- _TASK STATEMENT_
Take the lines below from the one with "istock Abstract modern" through the one with "Floral Round Delicate" and retype them exactly. Include nothing else, and no pictures.
DATASET EXCERPTS below:
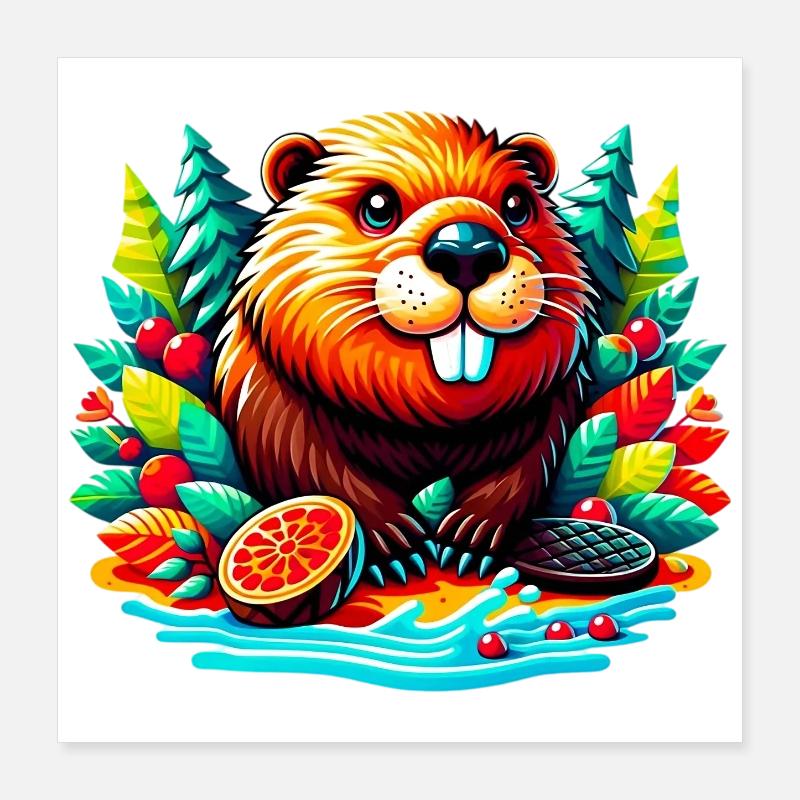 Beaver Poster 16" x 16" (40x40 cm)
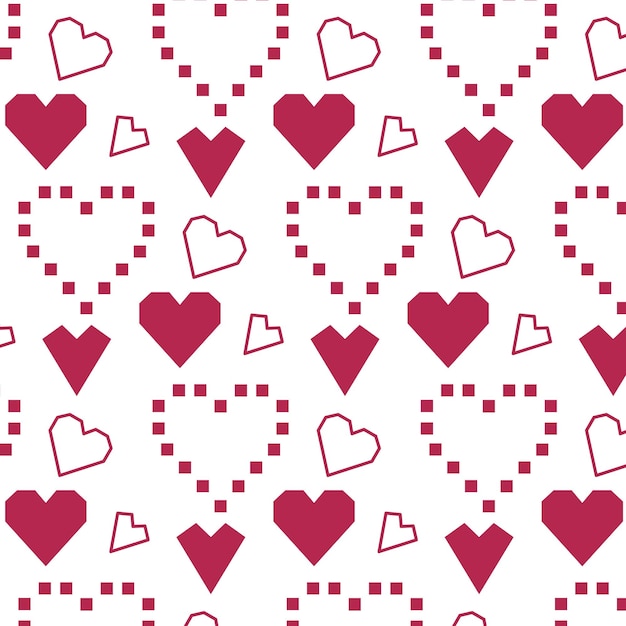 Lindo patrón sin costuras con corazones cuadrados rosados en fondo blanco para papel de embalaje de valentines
End of DATASET EXCERPTS.
DATASET EXCERPTS below:
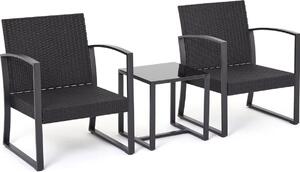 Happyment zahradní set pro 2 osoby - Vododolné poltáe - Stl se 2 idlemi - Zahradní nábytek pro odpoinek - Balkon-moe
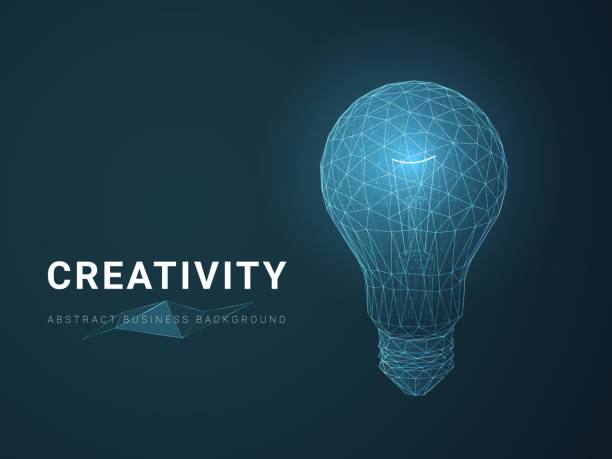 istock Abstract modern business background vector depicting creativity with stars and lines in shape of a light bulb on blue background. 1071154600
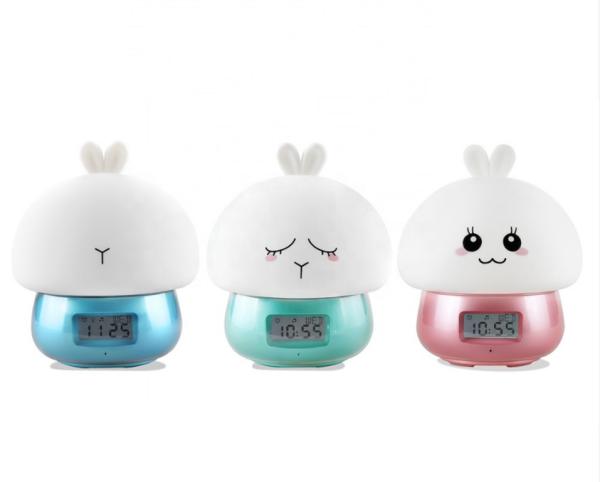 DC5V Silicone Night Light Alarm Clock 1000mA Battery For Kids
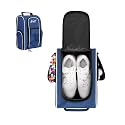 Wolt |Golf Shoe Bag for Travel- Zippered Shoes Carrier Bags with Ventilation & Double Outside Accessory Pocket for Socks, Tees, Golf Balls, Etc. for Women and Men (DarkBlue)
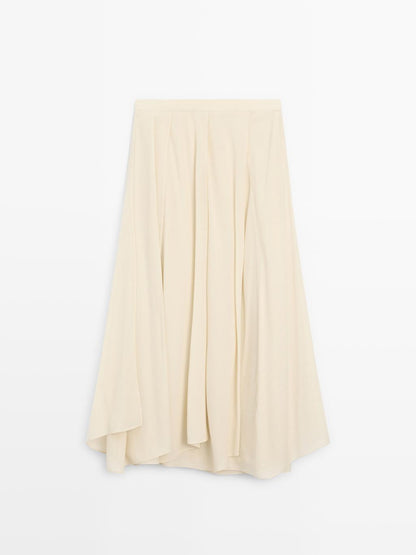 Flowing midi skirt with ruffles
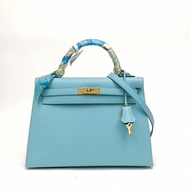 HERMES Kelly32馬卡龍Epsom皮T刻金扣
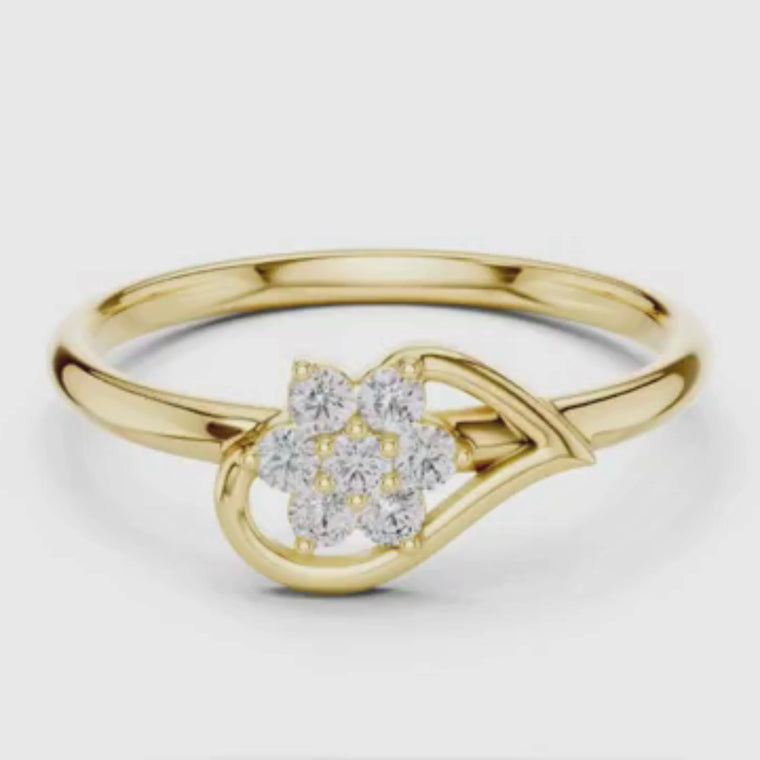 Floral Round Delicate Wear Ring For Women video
End of DATASET EXCERPTS.
- _RESPONSE TO THIS TASK_
 istock Abstract modern business background vector depicting creativity with stars and lines in shape of a light bulb on blue background. 1071154600
 DC5V Silicone Night Light Alarm Clock 1000mA Battery For Kids
 Wolt |Golf Shoe Bag for Travel- Zippered Shoes Carrier Bags with Ventilation & Double Outside Accessory Pocket for Socks, Tees, Golf Balls, Etc. for Women and Men (DarkBlue)
 Flowing midi skirt with ruffles
 HERMES Kelly32馬卡龍Epsom皮T刻金扣
 Floral Round Delicate Wear Ring For Women video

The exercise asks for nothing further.